--- Data to use ---
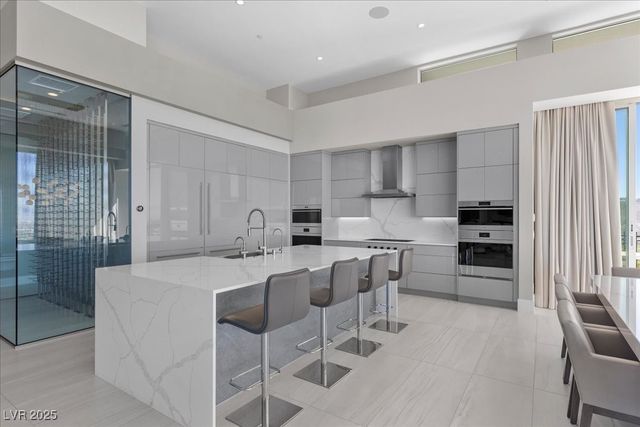 615 Scenic Rim Drive, Henderson, NV 89012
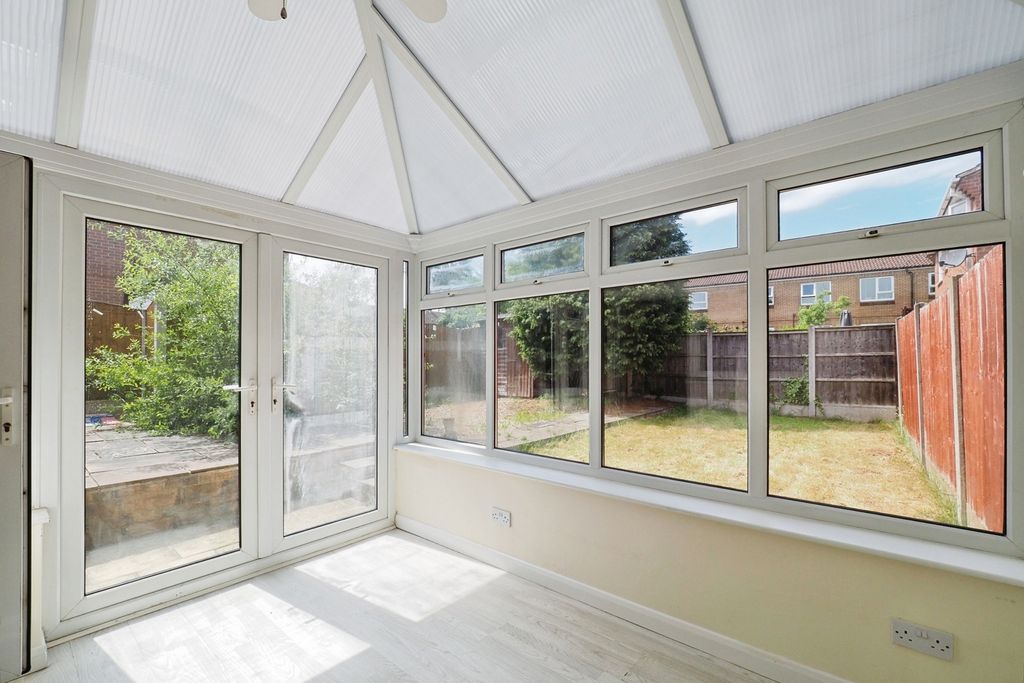 Property photo 3 of 20 Pbox-Img.Jpg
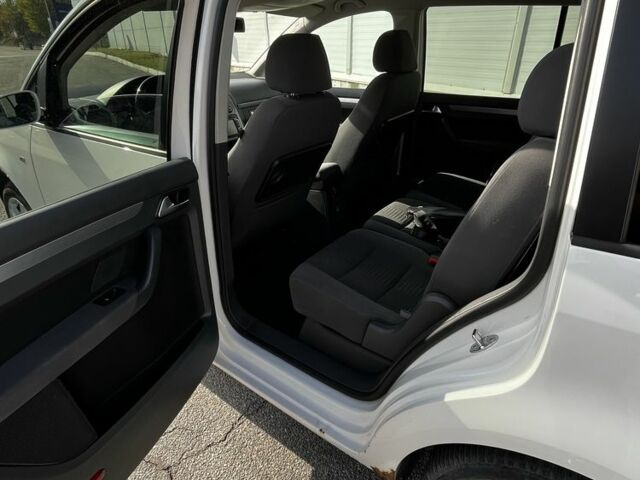 Білий Фольксваген Туран, об'ємом двигуна 1.4 л та пробігом 197 тис. км за 6300 $, фото 17 на Automoto.ua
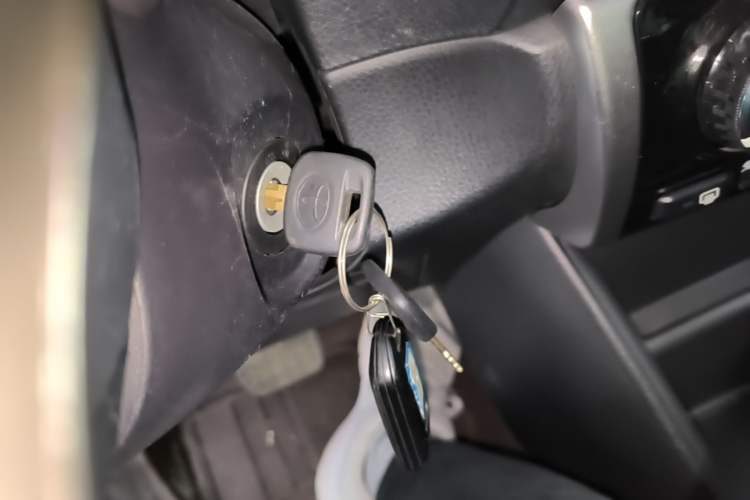 Used Toyota YARiS L Zhi Xuan 2021 X-Trail 1.5L CVT Leading Edition
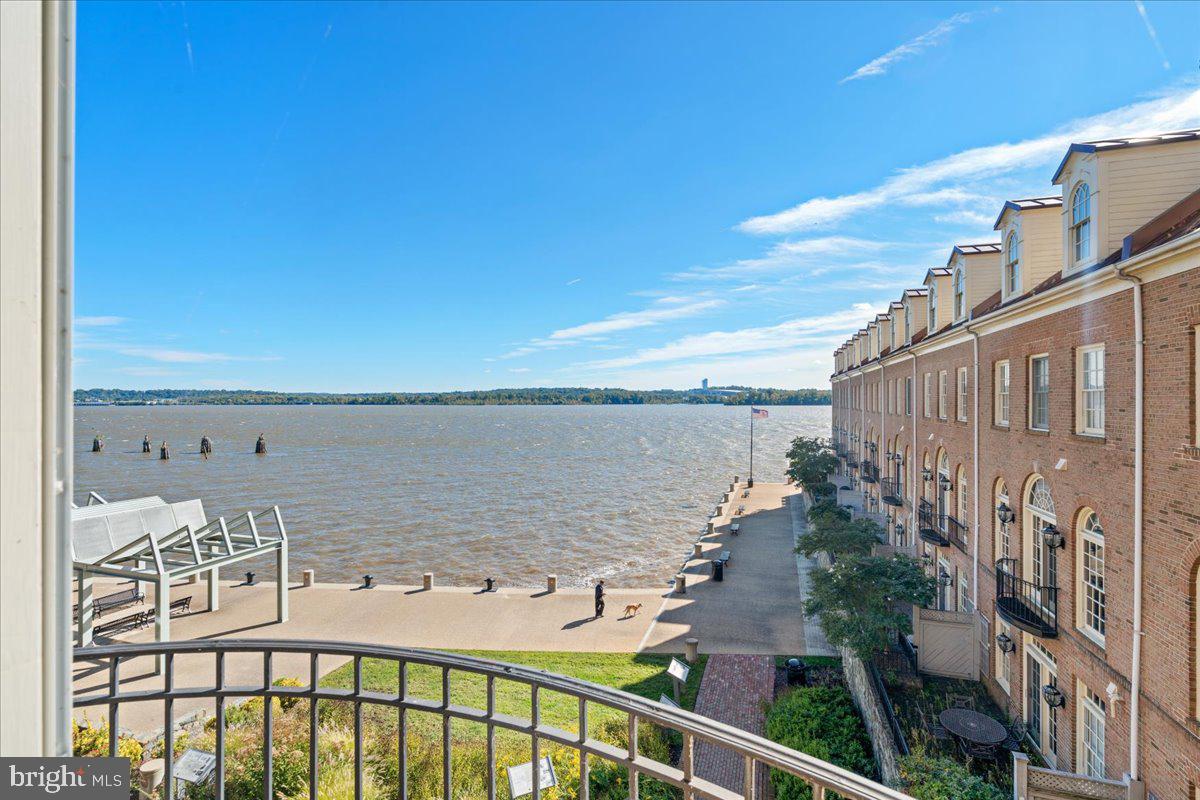 FORDS LANDING - Residential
---
Problem description
Nothing but the exact text of the records should appear in your answer, with no pictures. Please write it out.

Solution to this exercise
 615 Scenic Rim Drive, Henderson, NV 89012
 Property photo 3 of 20 Pbox-Img.Jpg
 Білий Фольксваген Туран, об'ємом двигуна 1.4 л та пробігом 197 тис. км за 6300 $, фото 17 на Automoto.ua
 Used Toyota YARiS L Zhi Xuan 2021 X-Trail 1.5L CVT Leading Edition
 FORDS LANDING - Residential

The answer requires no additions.